== Your assignment ==
Without any of the pictures, set down the data below exactly.

== Record extracts ==

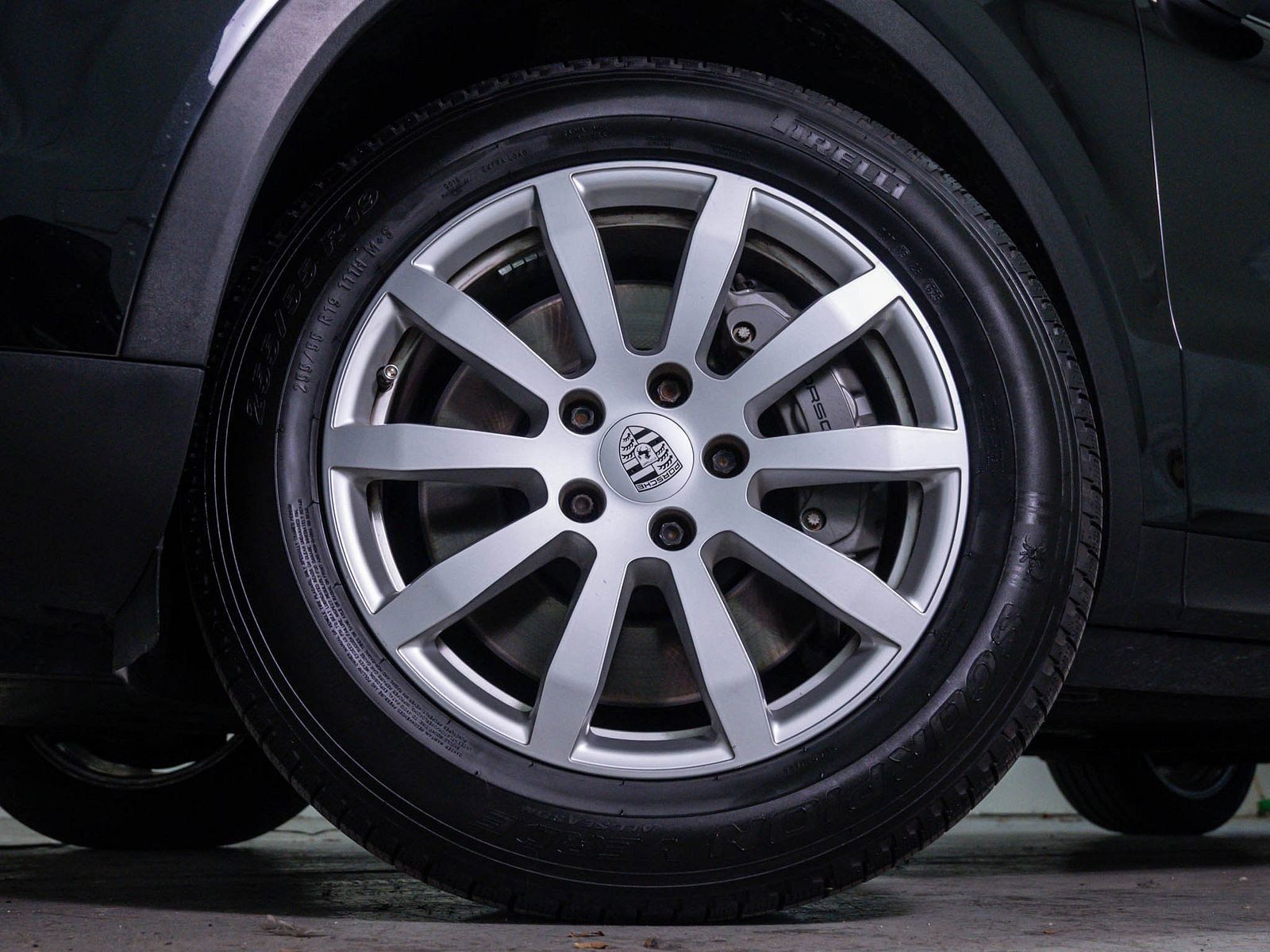 Used 2019 Porsche Cayenne S AWD/4WD image 6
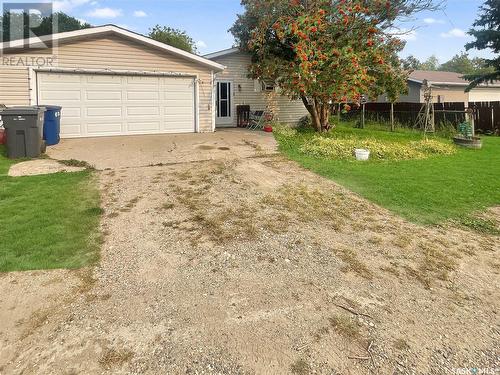 75 Ontario Street, Qu'Appelle, SK - Outdoor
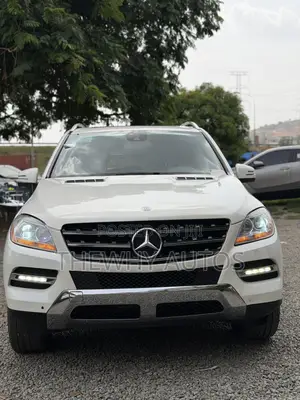 Mercedes-Benz M Class ML 350 4Matic 2012 White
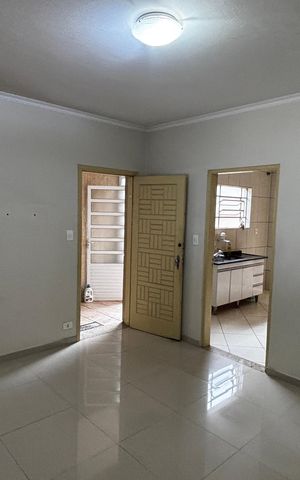Casa à venda com 136m², 3 quartos e 2 vagas Casa à venda com 136m², 3 quartos e 2 vagasSala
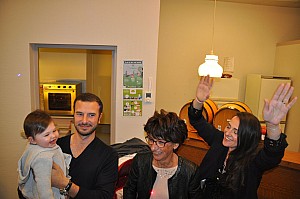 2019-05-04-(19h56)-dsc-0100-(mama-razzi).jpg 2019-05-04-(19h56)-dsc-0100-(mama-razzi).jpg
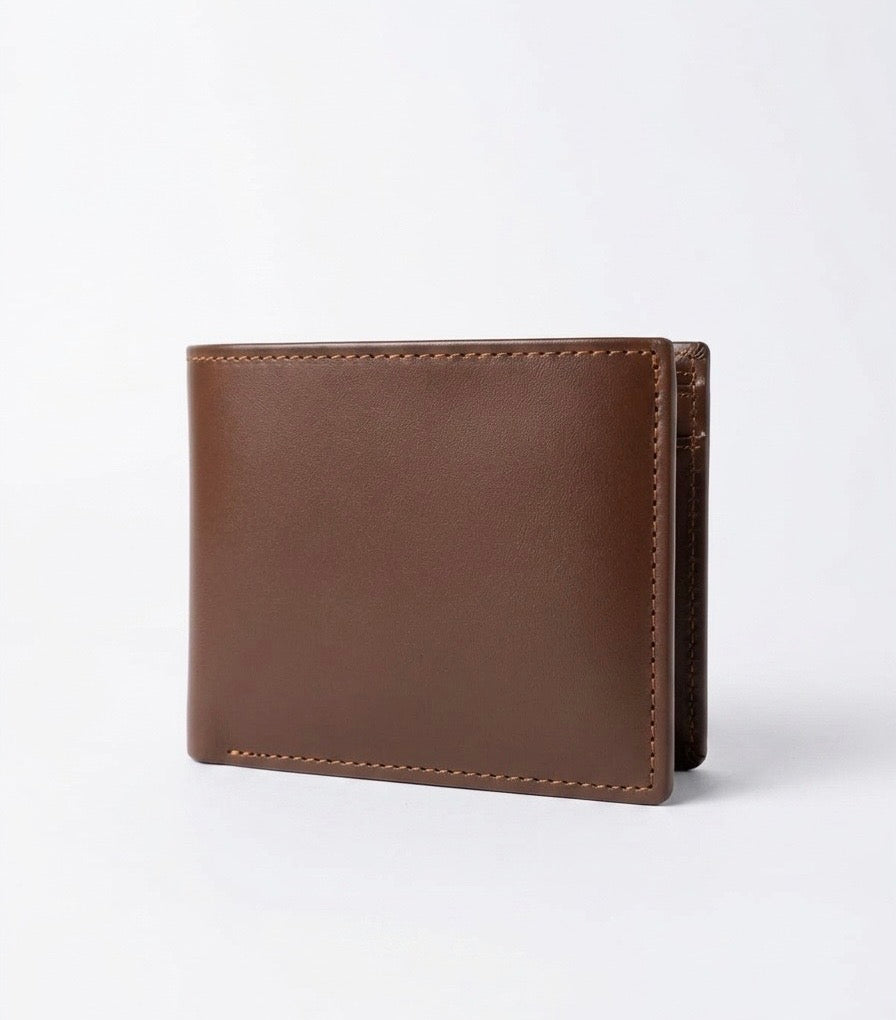 Leather Essential Signature Wallet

== Answer section ==
 Used 2019 Porsche Cayenne S AWD/4WD image 6
 75 Ontario Street, Qu'Appelle, SK - Outdoor
 Mercedes-Benz M Class ML 350 4Matic 2012 White
Casa à venda com 136m², 3 quartos e 2 vagas Casa à venda com 136m², 3 quartos e 2 vagasSala
 2019-05-04-(19h56)-dsc-0100-(mama-razzi).jpg 2019-05-04-(19h56)-dsc-0100-(mama-razzi).jpg
 Leather Essential Signature Wallet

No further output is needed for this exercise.